◆ **PROBLEM DETAILS**
An image-free, exact copy of the records below is required.

◆ **DATA EXCERPTS**
● ● ● ● ●

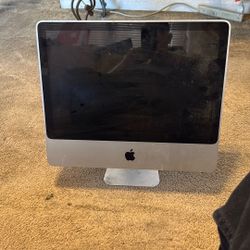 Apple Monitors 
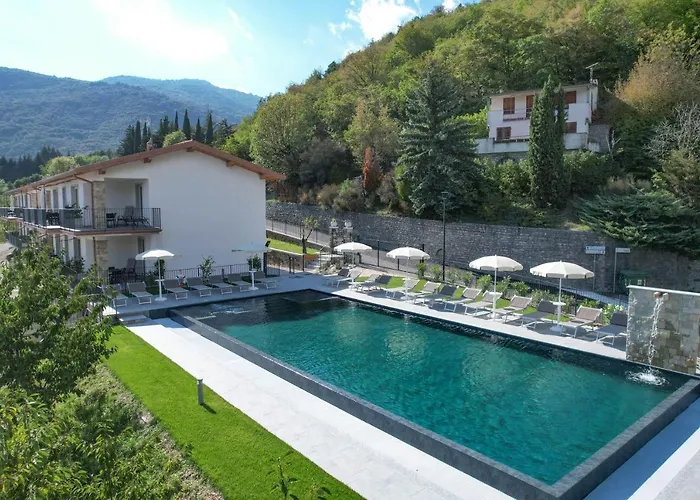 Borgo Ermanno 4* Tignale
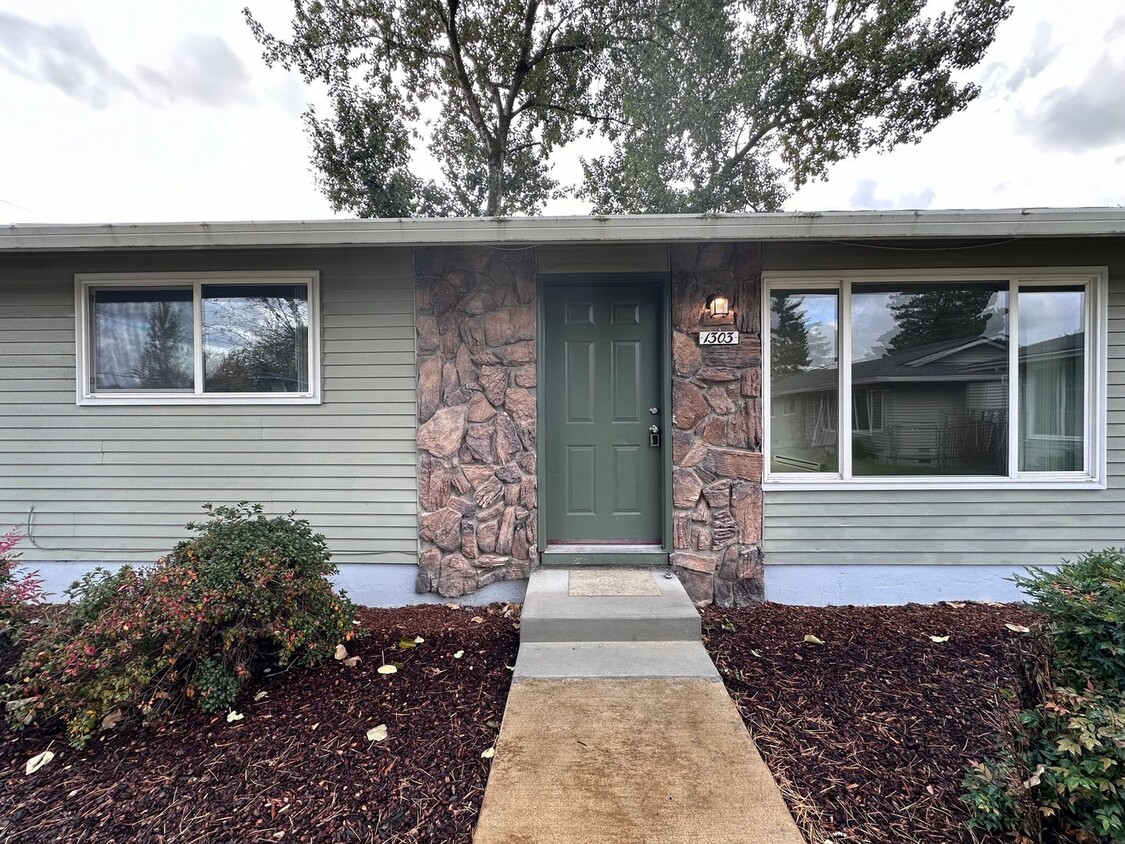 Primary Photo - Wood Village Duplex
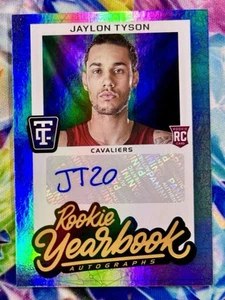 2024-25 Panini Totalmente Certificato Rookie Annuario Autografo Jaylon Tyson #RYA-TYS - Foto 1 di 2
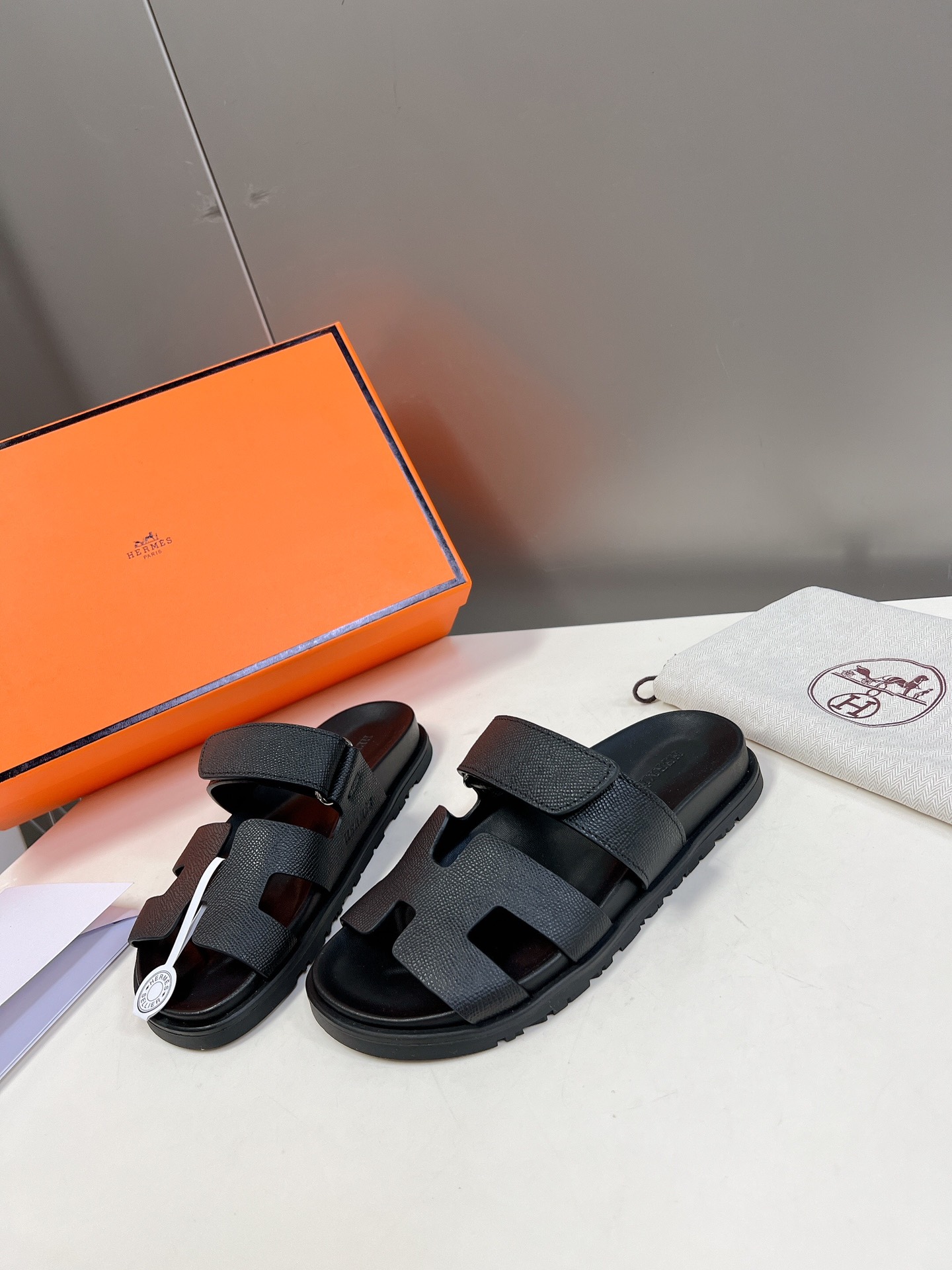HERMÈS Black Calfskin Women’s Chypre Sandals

● ● ● ● ●

◆ **EXERCISE ANSWER**
 Apple Monitors 
 Borgo Ermanno 4* Tignale
 Primary Photo - Wood Village Duplex
 2024-25 Panini Totalmente Certificato Rookie Annuario Autografo Jaylon Tyson #RYA-TYS - Foto 1 di 2
HERMÈS Black Calfskin Women’s Chypre Sandals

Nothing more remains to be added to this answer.